Ha Figaro’nun Düğünü dedik de…
Yıllar önce, bir milletvekili, oğlunun düğün töreni için Atatürk Kültür Merkezi’nin tahsisini istemiş.
“Aman efendim ne münasebet” demiş müdür! Adam da sinirlenip , mecliste soruşturma açtırmış.
Gavurun Figaro’sunun düğünü için tahsis edilen Atatürk Kültür Merkezi’ni oğluma vermediler diye içerlemiş…
Şehir efsanesi değil, gerçekten olmuş. Kabul ediyorum fıkra gibi…
Kusura bakmayın ama sevgili Alperen kardeşlerim, sizin protestonuz da fıkra gibi olmuş.
Hele bir de protesto eylemine Uygur’lara desteği de karıştırmışsınız ya, fıkra kahramanına dönüşmüşsünüz.

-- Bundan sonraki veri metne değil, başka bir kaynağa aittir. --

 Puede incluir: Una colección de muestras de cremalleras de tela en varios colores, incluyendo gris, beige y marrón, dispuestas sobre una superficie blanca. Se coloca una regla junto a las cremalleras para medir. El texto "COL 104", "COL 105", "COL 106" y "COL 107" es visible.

Bence, sadece İdil Biret’e değil, tankların önünde tek başına direnen Uygur kahraman Tursun Gül’e de ayıp ettiniz.
“Bravo çocuklar, fikirlerinize zerre kadar katılmam ama bu eylemde yanınızda olmak isterdim” diyebilmem için sanırım yeni bir protesto eylemine girişmeden önce Mozart’ın Türk Marşı’nı dinlemelisiniz!